Chronic visceral pelvic pain disorders cause substantial morbidity and cost upwards of 50 billion dollars in lost US wages and health care expenditures. Visceral pelvic pain conditions, such as endometriosis-associated pelvic pain, irritable bowel syndrome, bladder pain syndrome, are common (~25% prevalence in women), but predictable and may be preventable. The causes of visceral pain are poorly understood because diagnostic tests do not exist to distinguish pain due to primary nociceptor activation, referred abdominal muscular activity, organ perfusion, and oxygenation issues. Development of effective treatments for disruptive chronic pelvic pain conditions like dysmenorrhea and bladder pain syndrome are hindered by this lack of mechanistic understanding.


To address these limitations, I joined NorthShore University HealthSystem and created the Gynecological Research Laboratory (GyRL). Dr. Frank Tu is my primary collaborator (and also a minimally invasive surgeon specializing in pelvic pain). Dr. Tu’s expertise has been vital for recruiting and examining over 500 participants, interpreting anatomical ultrasound/MRI findings and bridging the translational science I have conducted in the GyRL. My expertise in basic pain research, computational analytical methods, paradigms for studying spontaneous pain and the science of electrophysiology was essential for the development of robust assessment of the physiological bases for pelvic pain.
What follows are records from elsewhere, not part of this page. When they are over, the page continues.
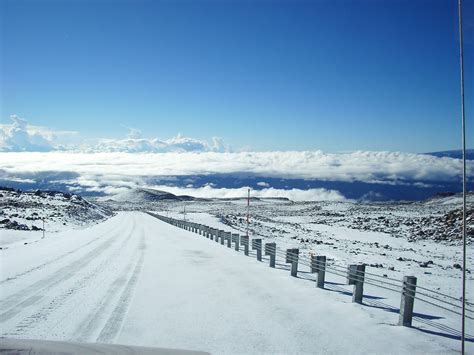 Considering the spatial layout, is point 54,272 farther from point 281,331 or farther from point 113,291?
point 281,331

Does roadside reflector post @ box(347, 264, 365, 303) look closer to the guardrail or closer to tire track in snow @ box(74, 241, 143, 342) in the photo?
the guardrail

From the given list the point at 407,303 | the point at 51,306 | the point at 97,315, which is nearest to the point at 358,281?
the point at 407,303

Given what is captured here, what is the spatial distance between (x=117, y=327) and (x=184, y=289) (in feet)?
13.1

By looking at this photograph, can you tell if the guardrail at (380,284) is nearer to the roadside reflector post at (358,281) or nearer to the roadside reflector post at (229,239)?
the roadside reflector post at (358,281)

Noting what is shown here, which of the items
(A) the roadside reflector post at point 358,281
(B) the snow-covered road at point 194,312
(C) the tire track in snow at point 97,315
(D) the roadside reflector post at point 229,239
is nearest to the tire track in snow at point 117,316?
(B) the snow-covered road at point 194,312

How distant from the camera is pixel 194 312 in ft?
29.5

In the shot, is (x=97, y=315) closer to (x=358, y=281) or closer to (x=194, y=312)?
(x=194, y=312)

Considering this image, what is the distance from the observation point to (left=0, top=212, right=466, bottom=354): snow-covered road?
701 centimetres

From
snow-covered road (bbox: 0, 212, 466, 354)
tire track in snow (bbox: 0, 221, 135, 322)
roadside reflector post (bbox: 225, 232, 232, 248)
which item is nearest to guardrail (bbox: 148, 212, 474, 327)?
snow-covered road (bbox: 0, 212, 466, 354)

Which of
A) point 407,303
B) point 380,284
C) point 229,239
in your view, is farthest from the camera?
point 229,239

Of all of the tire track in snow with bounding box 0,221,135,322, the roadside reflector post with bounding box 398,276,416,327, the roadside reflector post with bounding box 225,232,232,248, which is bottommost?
the roadside reflector post with bounding box 225,232,232,248

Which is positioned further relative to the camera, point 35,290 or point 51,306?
point 35,290

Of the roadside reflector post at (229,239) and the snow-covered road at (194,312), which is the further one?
the roadside reflector post at (229,239)

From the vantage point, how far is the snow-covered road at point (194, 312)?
7012 mm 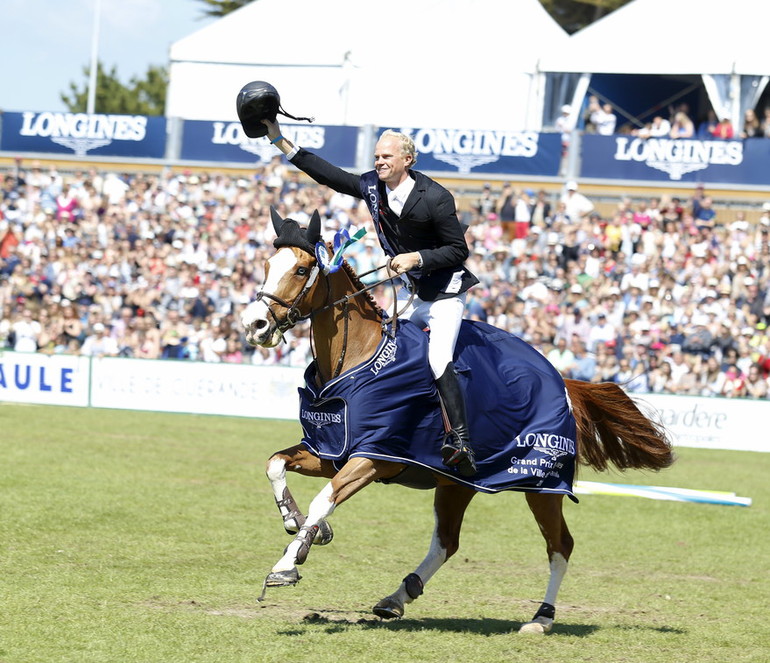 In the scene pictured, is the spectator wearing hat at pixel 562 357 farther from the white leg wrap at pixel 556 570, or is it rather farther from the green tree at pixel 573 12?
the green tree at pixel 573 12

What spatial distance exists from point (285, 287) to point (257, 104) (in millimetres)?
1276

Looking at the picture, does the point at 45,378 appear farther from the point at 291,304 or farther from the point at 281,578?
the point at 281,578

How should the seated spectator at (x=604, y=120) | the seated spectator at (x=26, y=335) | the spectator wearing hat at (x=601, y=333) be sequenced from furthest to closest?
the seated spectator at (x=604, y=120)
the seated spectator at (x=26, y=335)
the spectator wearing hat at (x=601, y=333)

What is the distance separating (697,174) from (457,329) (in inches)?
733

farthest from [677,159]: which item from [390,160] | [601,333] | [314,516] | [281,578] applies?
[281,578]

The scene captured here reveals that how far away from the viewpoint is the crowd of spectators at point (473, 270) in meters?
19.9

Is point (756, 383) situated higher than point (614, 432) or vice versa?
point (614, 432)

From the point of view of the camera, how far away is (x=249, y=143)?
89.3ft

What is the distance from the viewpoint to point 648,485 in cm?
1522

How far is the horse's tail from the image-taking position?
8.22 m

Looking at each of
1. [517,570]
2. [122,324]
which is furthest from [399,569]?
[122,324]

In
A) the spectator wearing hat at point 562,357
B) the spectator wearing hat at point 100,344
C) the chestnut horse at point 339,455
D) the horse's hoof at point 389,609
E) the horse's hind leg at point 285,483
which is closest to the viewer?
the chestnut horse at point 339,455

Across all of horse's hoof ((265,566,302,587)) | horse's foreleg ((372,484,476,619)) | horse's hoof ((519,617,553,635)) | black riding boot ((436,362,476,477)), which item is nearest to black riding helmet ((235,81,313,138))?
black riding boot ((436,362,476,477))

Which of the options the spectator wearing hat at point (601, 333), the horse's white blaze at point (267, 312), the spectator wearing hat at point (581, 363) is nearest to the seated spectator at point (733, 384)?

The innovation of my work requires clinical phenotyping to complement my research methodology and statistical modeling and this combination has been essential to discovering novel insights into female pelvic pain.

I have developed a method to study visceral pain by noninvasively evaluating physiological factors while simultaneously assessing spontaneous pain. This approach has led to the identification of how uterine and non-uterine components contribute to menstrual pain. There are few other laboratories dedicated to eradicating dysmenorrhea, one of the most frequent causes of suffering and gender disparity worldwide. Early attention to pain evolution is essential if we are to transform current, antiquated tertiary care paradigms in chronic pain management, including opioid use, which have produced the worst health epidemic of the decade.